_DESCRIPTION OF THE TASK_
Since the copy must hold text only, transcribe the data below exactly and omit the images.

══ THE DATA

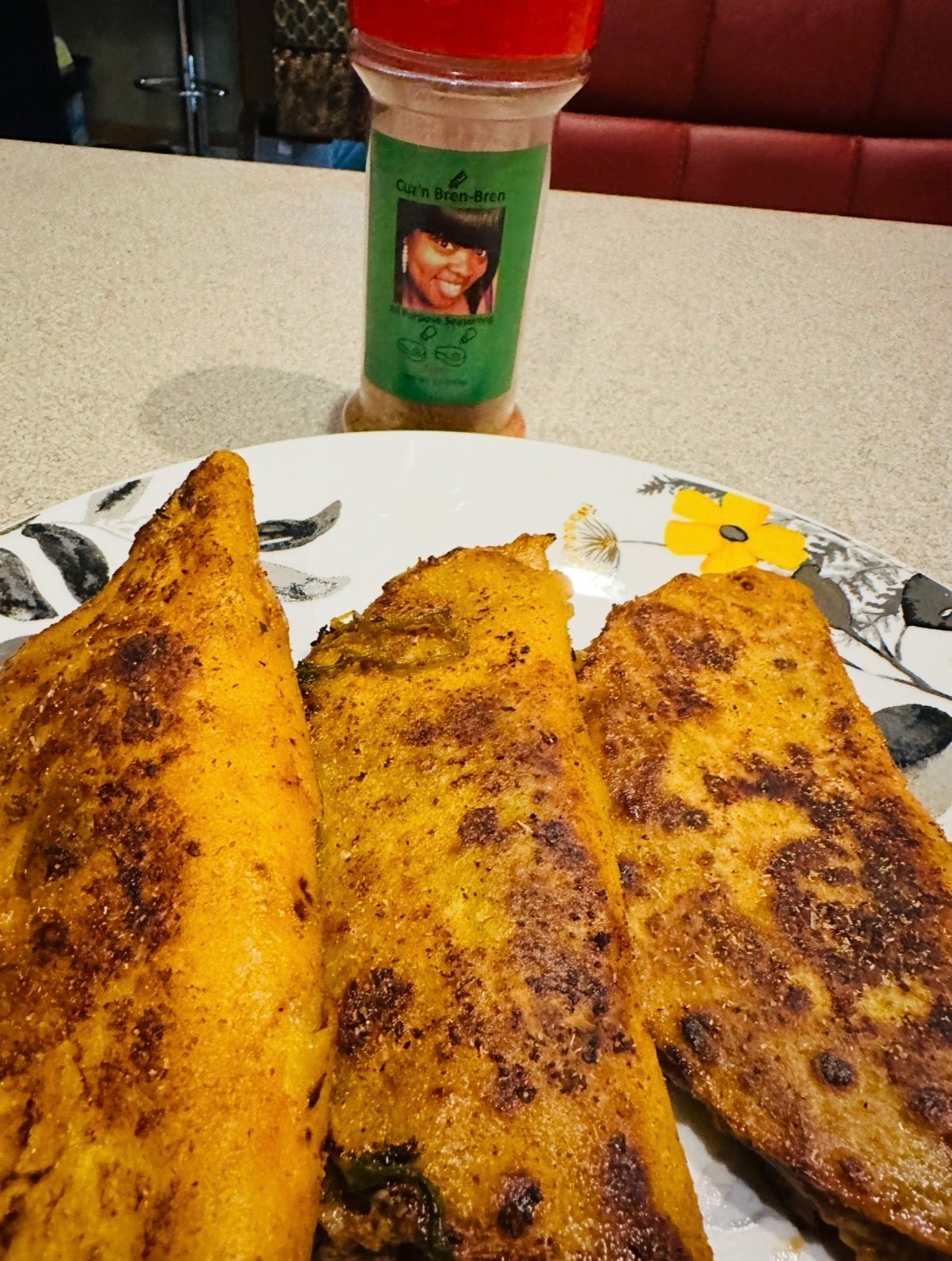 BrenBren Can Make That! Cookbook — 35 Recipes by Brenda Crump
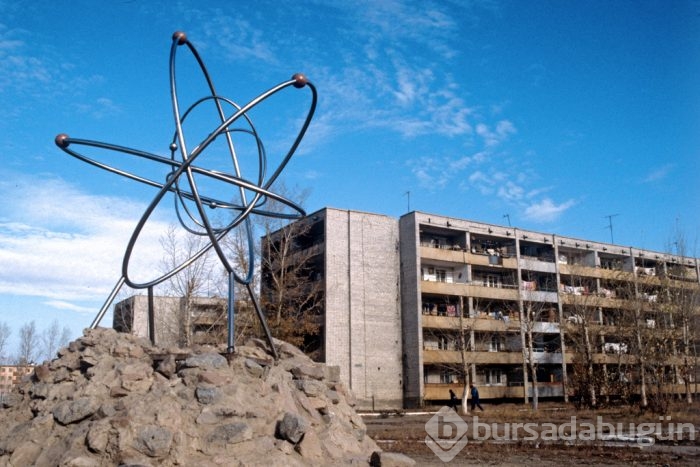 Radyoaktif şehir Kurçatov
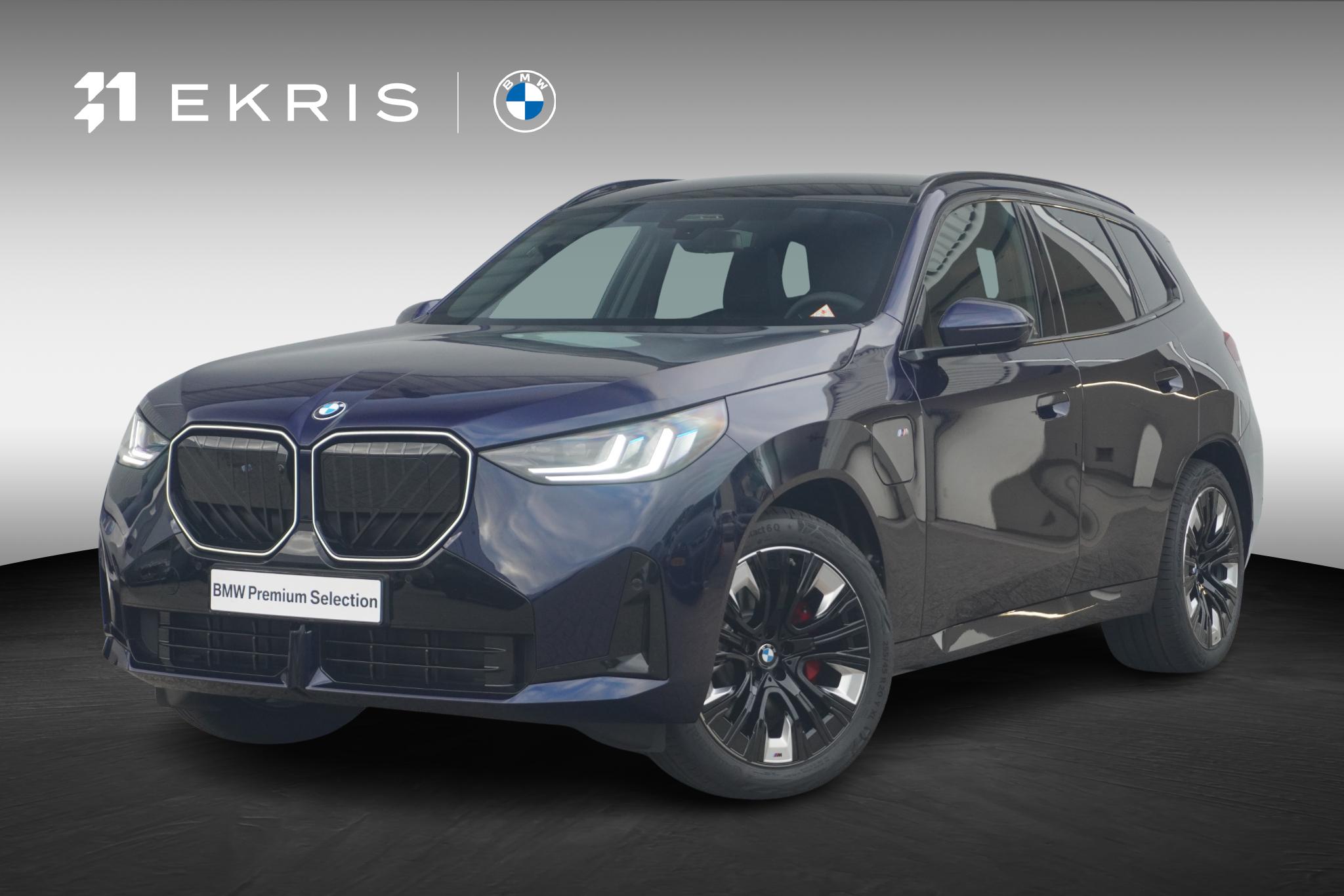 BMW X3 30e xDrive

════

_RESULT BELOW_
 BrenBren Can Make That! Cookbook — 35 Recipes by Brenda Crump
 Radyoaktif şehir Kurçatov
 BMW X3 30e xDrive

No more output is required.